▸ WORK ITEM: Your reply should contain nothing except the lines from the one with "1 carat solitaire diamond ring" through the end of the listing below, reproduced exactly and stripped of pictures.

▸ RECORD SET:
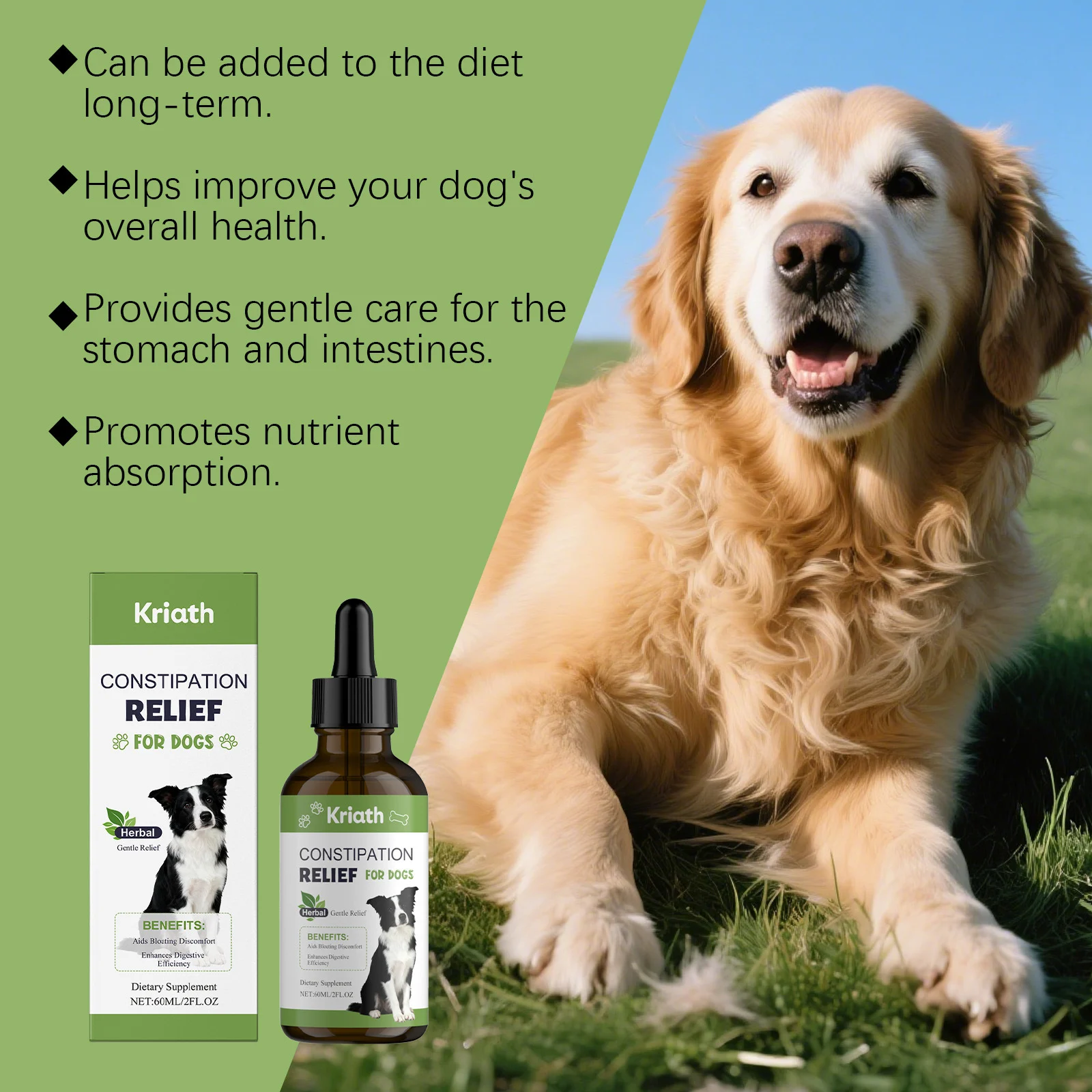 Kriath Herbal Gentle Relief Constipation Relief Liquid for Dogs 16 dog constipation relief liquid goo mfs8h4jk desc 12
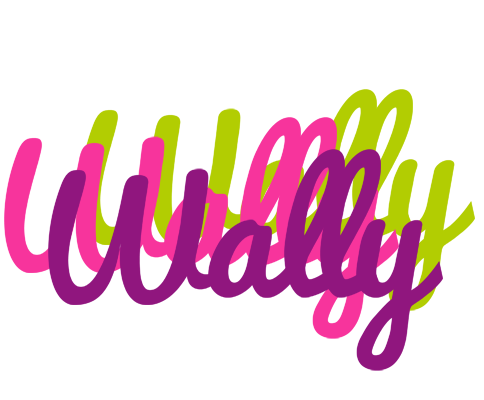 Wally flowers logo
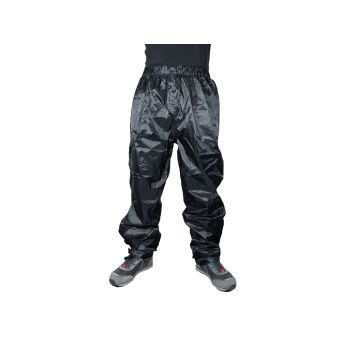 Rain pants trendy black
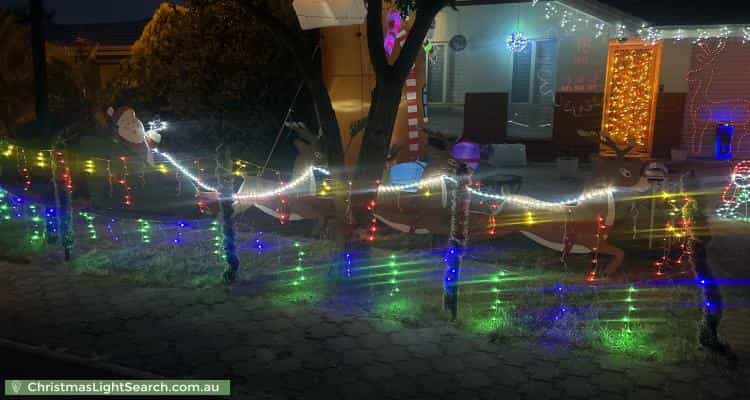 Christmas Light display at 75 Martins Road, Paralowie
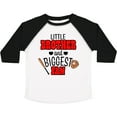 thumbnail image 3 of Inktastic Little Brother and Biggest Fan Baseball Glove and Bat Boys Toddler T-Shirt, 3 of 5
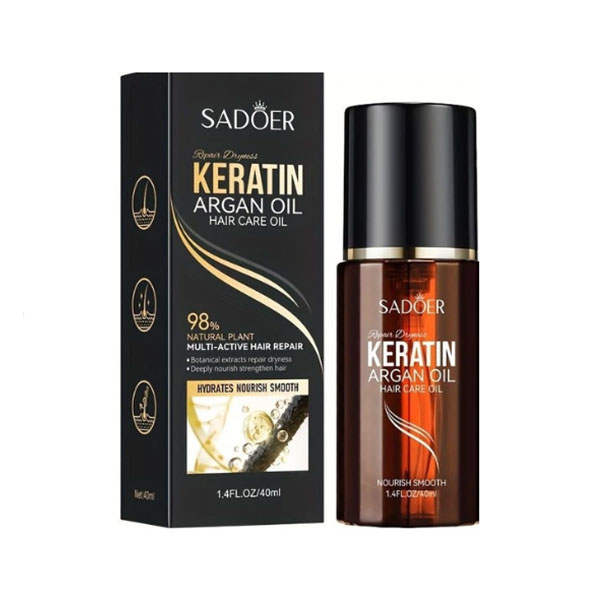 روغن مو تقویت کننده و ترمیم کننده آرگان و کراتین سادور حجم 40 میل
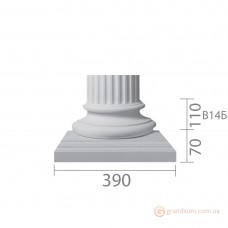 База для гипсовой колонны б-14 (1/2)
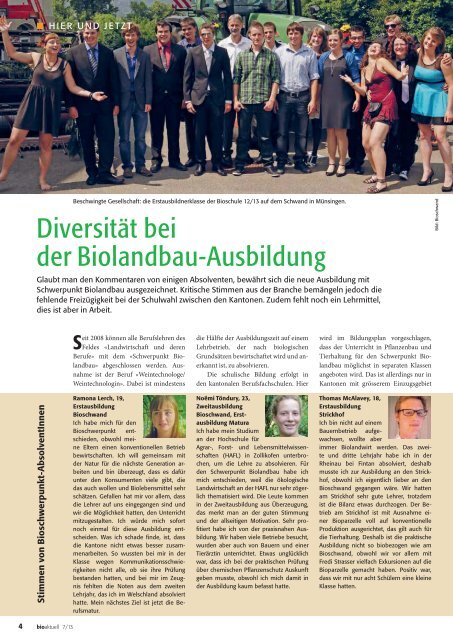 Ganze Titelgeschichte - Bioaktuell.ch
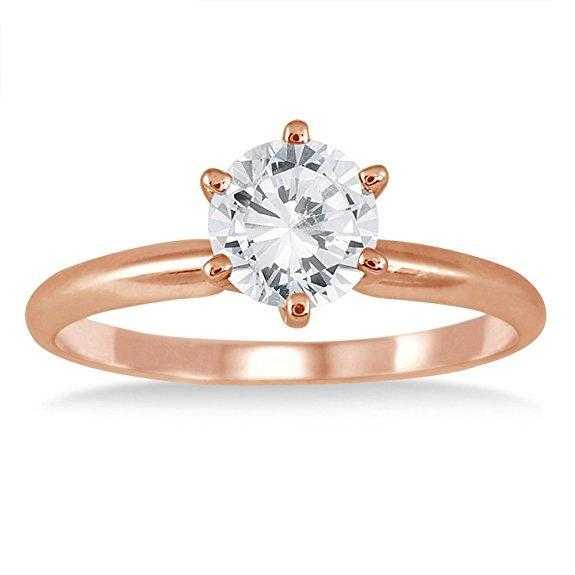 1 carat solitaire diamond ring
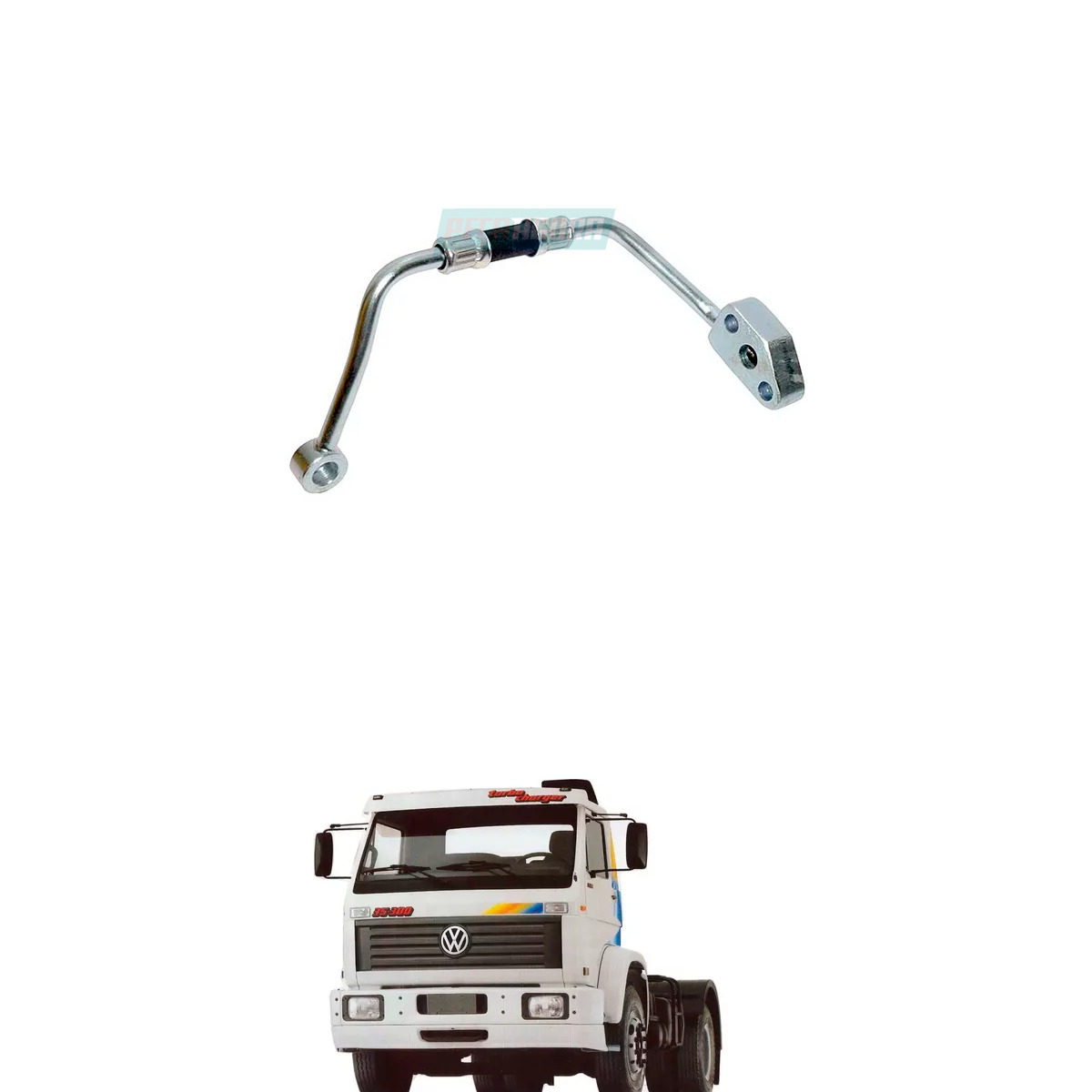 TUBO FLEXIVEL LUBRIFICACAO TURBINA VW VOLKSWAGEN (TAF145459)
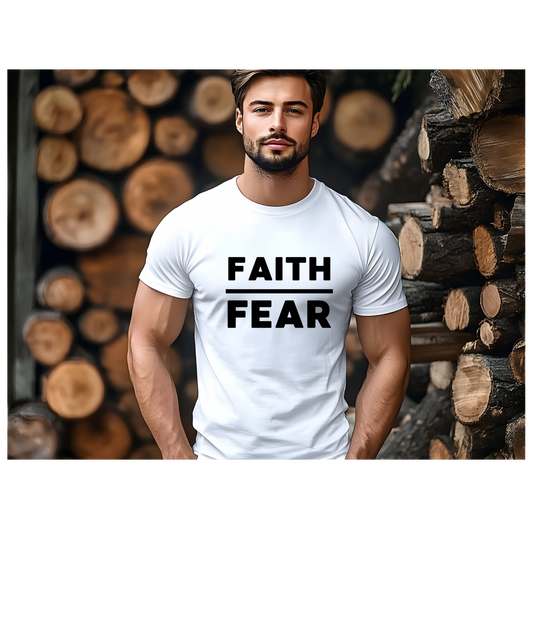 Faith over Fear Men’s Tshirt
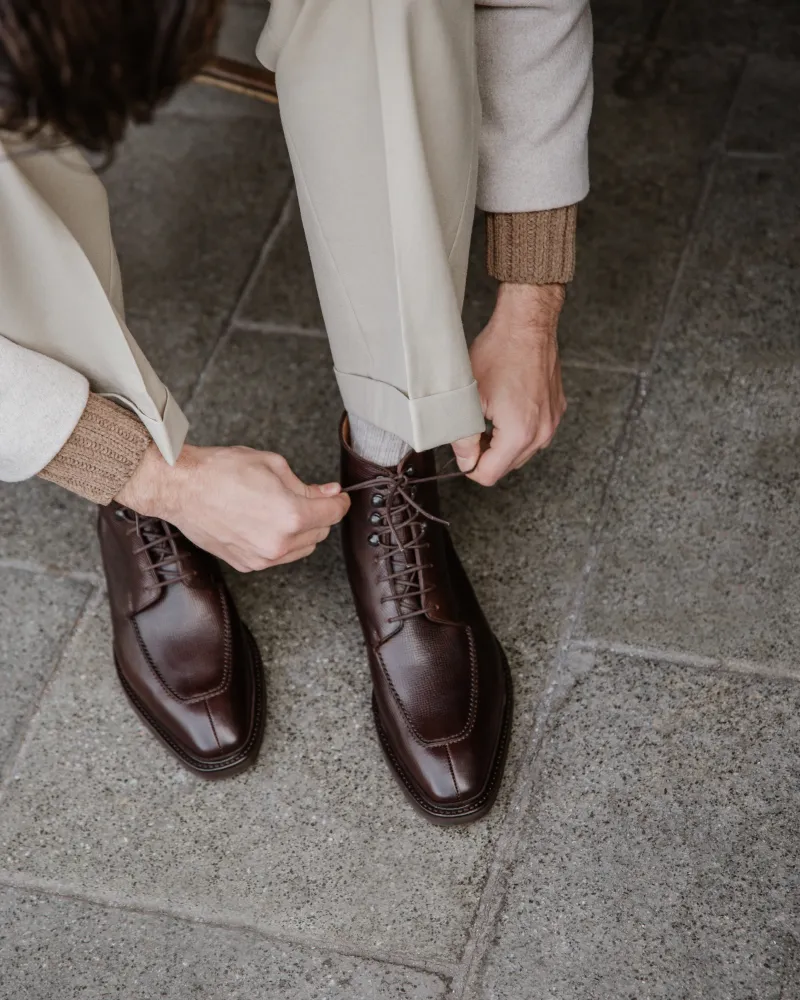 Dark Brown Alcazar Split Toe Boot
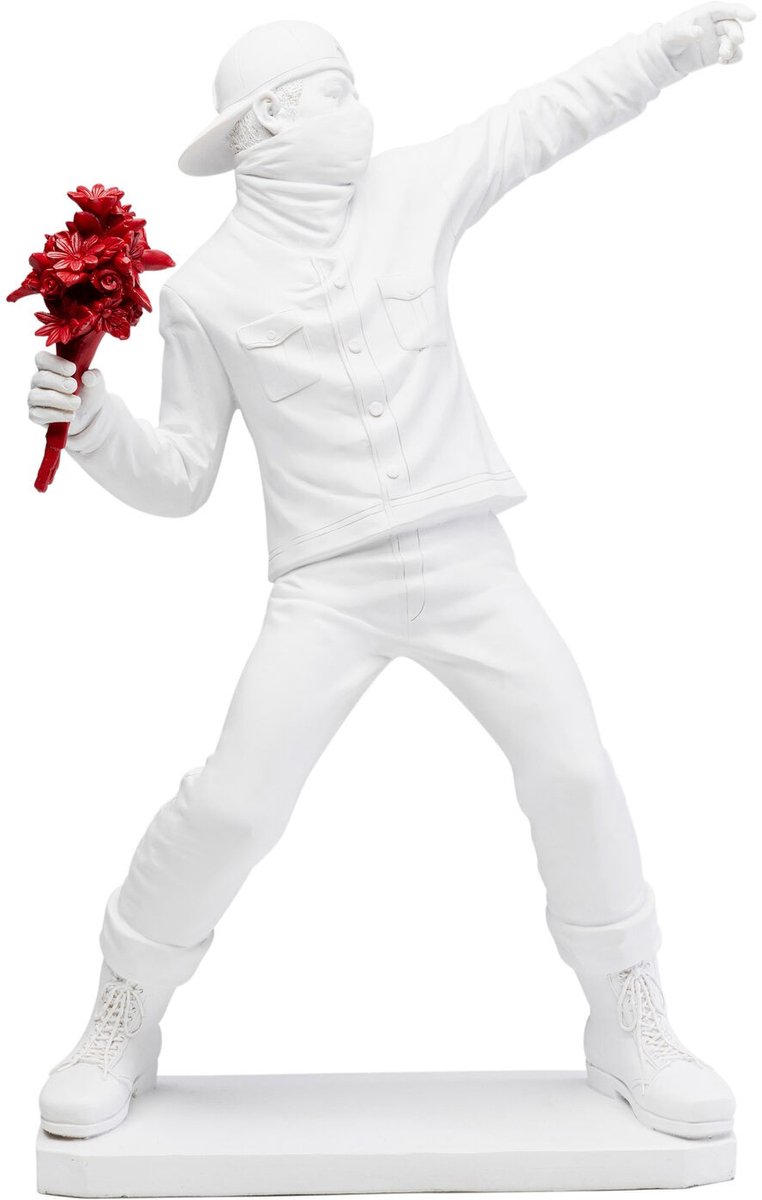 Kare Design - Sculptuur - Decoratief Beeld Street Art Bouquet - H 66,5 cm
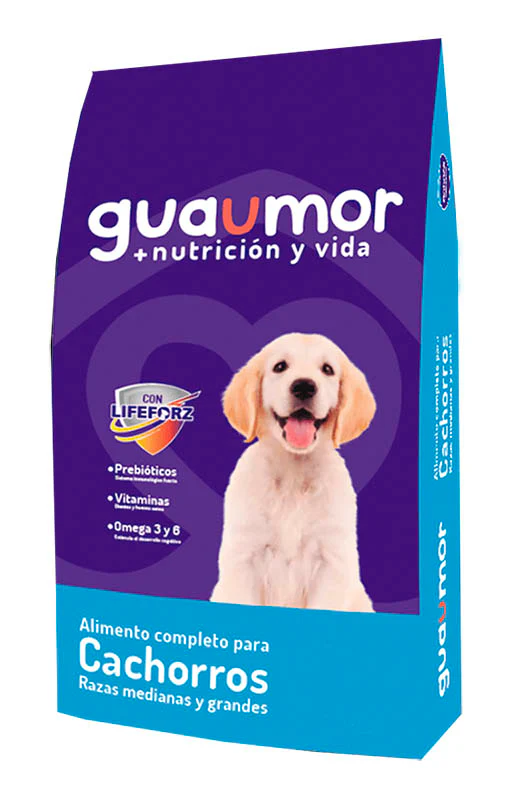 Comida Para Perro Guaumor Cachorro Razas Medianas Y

▸ YOUR SOLUTION:
 1 carat solitaire diamond ring
 TUBO FLEXIVEL LUBRIFICACAO TURBINA VW VOLKSWAGEN (TAF145459)
 Faith over Fear Men’s Tshirt
 Dark Brown Alcazar Split Toe Boot
 Kare Design - Sculptuur - Decoratief Beeld Street Art Bouquet - H 66,5 cm
 Comida Para Perro Guaumor Cachorro Razas Medianas Y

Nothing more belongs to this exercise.